Colette est une femme complexe et touche à tout : avide de la vie (c'était aussi une amatrice de bonne chère, il y a de nombreuses recettes surprenantes dans cette biographie aussi) et cassant les codes à une époque où les femmes n'avaient aucun droit ou quasi. On réalise qu'elle a lancé des produits de beauté, s'est lancé dans la musique avec Maurice Ravel, qu'elle a eu des vignes et a produit du vin, a eu une influence dans le cinéma et que malgré sa santé fragile, elle a dévoré la vie par les deux bouts.

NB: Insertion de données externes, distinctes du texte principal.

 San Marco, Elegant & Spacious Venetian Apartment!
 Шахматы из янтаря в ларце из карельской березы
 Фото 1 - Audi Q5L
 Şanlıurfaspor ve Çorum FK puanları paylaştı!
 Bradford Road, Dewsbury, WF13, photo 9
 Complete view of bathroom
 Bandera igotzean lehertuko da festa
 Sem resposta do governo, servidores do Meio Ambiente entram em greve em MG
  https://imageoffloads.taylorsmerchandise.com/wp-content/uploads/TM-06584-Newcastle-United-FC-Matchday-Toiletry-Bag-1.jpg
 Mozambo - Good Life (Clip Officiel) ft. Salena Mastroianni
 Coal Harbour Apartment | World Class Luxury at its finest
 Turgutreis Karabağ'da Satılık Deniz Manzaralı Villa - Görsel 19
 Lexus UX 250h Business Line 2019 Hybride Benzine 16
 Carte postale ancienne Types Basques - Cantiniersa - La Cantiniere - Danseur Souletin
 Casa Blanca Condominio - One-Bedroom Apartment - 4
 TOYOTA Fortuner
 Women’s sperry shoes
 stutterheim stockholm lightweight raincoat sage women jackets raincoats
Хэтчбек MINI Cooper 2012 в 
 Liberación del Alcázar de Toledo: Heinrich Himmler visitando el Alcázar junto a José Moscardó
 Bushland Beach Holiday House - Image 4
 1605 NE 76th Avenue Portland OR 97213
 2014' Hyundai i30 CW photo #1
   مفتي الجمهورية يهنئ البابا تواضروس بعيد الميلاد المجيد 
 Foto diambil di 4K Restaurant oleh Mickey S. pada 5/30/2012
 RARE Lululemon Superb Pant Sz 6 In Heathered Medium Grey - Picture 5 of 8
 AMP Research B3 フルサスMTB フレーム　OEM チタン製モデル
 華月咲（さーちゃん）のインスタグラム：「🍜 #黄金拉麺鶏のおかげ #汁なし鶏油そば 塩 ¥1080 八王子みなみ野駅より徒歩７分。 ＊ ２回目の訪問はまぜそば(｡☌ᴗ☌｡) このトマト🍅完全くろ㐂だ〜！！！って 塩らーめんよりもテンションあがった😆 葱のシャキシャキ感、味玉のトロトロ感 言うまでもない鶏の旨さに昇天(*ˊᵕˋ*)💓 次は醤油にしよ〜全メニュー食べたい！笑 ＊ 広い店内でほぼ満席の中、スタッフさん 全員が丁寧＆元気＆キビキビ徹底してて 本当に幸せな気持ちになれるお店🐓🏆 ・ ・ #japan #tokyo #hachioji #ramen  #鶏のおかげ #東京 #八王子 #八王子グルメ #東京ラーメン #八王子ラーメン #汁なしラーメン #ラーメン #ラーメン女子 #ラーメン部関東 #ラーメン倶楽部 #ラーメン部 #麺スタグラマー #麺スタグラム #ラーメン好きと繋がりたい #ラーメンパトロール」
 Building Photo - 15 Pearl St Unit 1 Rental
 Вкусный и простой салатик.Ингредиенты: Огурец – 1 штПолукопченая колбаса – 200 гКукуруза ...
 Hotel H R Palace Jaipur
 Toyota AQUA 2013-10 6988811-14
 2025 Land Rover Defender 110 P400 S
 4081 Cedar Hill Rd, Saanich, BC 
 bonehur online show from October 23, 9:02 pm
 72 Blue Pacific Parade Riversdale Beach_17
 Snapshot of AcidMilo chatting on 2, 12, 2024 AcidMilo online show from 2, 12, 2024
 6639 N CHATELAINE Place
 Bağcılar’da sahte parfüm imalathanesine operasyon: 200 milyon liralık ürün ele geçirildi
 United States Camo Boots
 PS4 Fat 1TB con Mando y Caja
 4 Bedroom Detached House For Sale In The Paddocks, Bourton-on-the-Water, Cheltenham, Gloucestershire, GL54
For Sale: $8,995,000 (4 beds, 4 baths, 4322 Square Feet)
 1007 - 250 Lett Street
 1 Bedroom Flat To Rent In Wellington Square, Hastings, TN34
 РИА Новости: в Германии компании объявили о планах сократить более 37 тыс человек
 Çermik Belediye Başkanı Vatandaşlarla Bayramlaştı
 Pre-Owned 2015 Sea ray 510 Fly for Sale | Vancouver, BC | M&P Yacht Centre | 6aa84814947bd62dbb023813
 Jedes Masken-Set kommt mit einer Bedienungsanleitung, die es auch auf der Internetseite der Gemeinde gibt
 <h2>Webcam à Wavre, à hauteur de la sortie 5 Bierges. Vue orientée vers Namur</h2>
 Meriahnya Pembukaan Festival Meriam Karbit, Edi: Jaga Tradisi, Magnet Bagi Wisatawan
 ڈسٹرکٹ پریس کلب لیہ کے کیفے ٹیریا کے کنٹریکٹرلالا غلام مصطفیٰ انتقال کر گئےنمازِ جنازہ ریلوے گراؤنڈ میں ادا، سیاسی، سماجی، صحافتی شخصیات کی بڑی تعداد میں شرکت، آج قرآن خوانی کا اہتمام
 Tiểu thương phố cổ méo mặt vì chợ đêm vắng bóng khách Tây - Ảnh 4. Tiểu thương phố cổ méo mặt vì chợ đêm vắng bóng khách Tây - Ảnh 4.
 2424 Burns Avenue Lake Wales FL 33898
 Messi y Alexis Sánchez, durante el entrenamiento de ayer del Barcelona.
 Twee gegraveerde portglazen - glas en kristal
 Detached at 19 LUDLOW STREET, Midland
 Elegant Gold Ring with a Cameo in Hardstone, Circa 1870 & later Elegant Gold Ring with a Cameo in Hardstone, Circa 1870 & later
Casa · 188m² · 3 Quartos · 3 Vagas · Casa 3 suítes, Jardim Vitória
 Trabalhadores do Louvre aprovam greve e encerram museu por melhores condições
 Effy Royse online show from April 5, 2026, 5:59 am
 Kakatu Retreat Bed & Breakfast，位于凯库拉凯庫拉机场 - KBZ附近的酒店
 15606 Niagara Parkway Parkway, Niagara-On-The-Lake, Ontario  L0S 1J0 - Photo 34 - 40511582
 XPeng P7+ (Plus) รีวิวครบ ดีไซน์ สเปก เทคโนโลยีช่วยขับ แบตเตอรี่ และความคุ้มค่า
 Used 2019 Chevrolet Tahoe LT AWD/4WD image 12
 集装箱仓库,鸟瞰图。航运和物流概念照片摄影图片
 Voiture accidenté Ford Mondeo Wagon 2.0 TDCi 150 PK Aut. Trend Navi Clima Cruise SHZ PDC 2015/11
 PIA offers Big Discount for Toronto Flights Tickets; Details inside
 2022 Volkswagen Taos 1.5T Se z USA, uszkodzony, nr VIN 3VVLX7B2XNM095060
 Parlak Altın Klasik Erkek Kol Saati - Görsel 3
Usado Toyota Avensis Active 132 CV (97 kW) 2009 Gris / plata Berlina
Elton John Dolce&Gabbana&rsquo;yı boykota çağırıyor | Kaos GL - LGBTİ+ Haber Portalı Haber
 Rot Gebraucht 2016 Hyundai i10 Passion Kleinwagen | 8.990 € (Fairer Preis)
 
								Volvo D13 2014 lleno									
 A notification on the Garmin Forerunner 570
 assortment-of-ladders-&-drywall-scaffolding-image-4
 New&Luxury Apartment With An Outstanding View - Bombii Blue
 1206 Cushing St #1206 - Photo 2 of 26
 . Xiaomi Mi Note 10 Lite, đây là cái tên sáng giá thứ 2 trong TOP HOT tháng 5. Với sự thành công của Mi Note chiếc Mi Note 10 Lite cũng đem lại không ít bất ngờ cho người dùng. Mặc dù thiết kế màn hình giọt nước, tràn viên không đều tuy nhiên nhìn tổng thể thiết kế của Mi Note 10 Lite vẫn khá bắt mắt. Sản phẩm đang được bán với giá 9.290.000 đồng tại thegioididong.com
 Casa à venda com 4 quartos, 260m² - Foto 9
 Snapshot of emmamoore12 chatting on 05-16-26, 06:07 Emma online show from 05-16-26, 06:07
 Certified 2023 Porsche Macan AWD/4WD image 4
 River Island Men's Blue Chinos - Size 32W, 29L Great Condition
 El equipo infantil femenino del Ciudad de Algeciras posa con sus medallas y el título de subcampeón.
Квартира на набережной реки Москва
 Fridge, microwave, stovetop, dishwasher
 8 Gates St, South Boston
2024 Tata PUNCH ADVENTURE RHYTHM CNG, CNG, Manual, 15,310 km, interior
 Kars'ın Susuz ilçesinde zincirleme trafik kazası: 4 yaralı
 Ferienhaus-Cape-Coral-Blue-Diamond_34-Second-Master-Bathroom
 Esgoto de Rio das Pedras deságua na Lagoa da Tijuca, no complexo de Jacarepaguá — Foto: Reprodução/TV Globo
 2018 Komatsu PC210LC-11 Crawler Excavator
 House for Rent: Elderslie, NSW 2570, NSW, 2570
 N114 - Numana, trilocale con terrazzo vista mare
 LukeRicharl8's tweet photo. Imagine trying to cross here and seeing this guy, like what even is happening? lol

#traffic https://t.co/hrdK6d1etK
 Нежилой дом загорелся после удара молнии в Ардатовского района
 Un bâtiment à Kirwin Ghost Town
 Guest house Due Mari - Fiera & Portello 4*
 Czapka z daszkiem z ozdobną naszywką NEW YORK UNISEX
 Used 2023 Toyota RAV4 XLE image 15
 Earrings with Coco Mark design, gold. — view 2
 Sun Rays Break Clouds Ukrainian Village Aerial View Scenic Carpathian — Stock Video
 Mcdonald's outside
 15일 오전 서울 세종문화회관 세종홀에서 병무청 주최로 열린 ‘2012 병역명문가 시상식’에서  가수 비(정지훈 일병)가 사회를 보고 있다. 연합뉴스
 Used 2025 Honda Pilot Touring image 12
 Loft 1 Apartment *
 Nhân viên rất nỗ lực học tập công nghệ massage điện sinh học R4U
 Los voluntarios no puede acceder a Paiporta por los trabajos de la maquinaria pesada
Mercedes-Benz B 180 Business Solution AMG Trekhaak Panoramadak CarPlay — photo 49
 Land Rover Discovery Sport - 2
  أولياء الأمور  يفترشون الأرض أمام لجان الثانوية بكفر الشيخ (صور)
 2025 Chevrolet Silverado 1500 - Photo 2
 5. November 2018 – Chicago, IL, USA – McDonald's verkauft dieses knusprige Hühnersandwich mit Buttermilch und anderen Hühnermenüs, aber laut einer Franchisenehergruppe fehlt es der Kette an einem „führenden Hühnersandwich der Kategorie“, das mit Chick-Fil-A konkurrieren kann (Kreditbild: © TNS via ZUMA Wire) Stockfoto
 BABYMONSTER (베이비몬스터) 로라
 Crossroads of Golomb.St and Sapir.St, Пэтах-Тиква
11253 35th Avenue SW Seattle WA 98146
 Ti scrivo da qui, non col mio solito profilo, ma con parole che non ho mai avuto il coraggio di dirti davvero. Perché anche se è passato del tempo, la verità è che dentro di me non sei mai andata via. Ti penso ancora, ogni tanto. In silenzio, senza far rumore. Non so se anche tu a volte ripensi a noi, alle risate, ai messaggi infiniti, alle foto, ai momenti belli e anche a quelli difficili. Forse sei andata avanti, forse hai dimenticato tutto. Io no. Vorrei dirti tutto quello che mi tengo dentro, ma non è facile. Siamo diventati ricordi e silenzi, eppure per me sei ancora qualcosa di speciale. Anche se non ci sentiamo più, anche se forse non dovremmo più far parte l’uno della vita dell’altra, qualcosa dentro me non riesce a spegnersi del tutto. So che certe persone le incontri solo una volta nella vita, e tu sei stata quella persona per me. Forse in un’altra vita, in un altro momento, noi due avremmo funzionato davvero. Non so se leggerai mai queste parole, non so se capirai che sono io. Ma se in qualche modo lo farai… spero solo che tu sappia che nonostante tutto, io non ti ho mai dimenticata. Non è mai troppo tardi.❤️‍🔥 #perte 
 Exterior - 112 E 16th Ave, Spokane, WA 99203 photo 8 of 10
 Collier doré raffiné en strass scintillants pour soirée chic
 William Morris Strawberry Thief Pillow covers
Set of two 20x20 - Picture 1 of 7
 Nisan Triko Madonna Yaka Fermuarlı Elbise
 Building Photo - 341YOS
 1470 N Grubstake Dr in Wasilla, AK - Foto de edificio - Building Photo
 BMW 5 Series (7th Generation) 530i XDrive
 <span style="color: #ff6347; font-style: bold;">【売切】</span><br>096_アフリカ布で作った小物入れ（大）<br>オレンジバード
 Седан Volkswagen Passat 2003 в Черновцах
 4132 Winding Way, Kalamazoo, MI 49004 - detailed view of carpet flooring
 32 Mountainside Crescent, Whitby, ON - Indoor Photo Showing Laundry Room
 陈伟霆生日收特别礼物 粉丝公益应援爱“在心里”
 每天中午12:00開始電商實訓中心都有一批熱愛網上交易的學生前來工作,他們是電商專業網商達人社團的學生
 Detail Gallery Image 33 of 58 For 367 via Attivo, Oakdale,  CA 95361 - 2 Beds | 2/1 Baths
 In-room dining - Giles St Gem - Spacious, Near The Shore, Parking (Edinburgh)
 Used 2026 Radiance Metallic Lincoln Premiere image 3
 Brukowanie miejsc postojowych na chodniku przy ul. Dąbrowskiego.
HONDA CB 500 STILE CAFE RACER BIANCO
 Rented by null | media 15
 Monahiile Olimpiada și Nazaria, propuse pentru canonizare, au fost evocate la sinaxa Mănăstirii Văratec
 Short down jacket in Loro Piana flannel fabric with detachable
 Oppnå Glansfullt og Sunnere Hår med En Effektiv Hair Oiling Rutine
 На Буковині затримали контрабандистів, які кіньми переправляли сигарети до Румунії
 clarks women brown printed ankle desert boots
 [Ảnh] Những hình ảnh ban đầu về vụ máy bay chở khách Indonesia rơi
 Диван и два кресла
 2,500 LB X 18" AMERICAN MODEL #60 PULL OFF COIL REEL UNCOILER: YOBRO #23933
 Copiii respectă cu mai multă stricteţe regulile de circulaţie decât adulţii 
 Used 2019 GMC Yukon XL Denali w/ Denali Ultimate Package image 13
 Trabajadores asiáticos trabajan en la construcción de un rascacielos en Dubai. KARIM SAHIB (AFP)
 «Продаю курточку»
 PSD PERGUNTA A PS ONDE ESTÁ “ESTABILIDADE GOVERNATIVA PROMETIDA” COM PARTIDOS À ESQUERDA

Il y aurait tant à dire sur ce livre qui m'a donné envie de me replonger dans l'oeuvre si riche de cette autrice si mal reconnue, encore aujourd'hui (il y a dans la biographie des citations de ses détracteurs, y compris aujourd'hui : or, quand on voit certains noms très bobo-parisiens, peut-on être étonnés? puisqu'elle incarne à la fois cette France profonde, avec son accent bourguignon, même si elle a vécu longtemps et a fini sa vie à Paris, qu'ils détestent)
Fort heureusement avec les temps qui changent, le talent des femmes qui bafouaient les codes, sont reconnus et maintenant elle est étudiée pour le bac de français. ENFIN devrais-je dire! Il était temps!
Samia Bordji est aussi en charge du Musée Colette et nous donne envie d'aller faire un tour en Puisaye sur les sources de l'autrice et je suis fière d'avoir contribué (de manière modeste) à la réhabilitation de certaines de ces pièces. Je me souviens aussi de la gentillesse de Foulques de Jouvenel qui, lorsque je travaillais sur les "Claudine" m'avaient envoyé les films de la série
Bref, cette biographie est une merveille : elle rend hommage de manière passionnée à cette autrice si moderne et l'on se dit qu'elle a fait avancer la cause des femmes, sans doute sans le vouloir, en se jouant des codes, en vivant sa vie telle qu'elle l'entendait. Les photos, les dessins et diverses illustrations enrichissent la connaissance de cette auteure et la rendent si proche de nous. J'ai adoré voir l'évolution de la petite fille, photographiée pour la première fois à 3 ans (ce qui est rare pour l'époque) jusqu'à la femme âgée qu'elle était quand elle est décédée.
Je ne connaissais pas ces éditions mais ce qui est sûre, c'est que je les suivrais.
Bravo à tous pour ce travail, c'est une vraie réussite : je connaissais bien la vie de Colette et pourtant, j'ai encore appris de nouvelles choses. C'est une biographie qui s'adresse aussi au grand nombre de par sa rédaction et j'espère vraiment qu'elle aura la reconnaissance et le succès qu'elle mérite.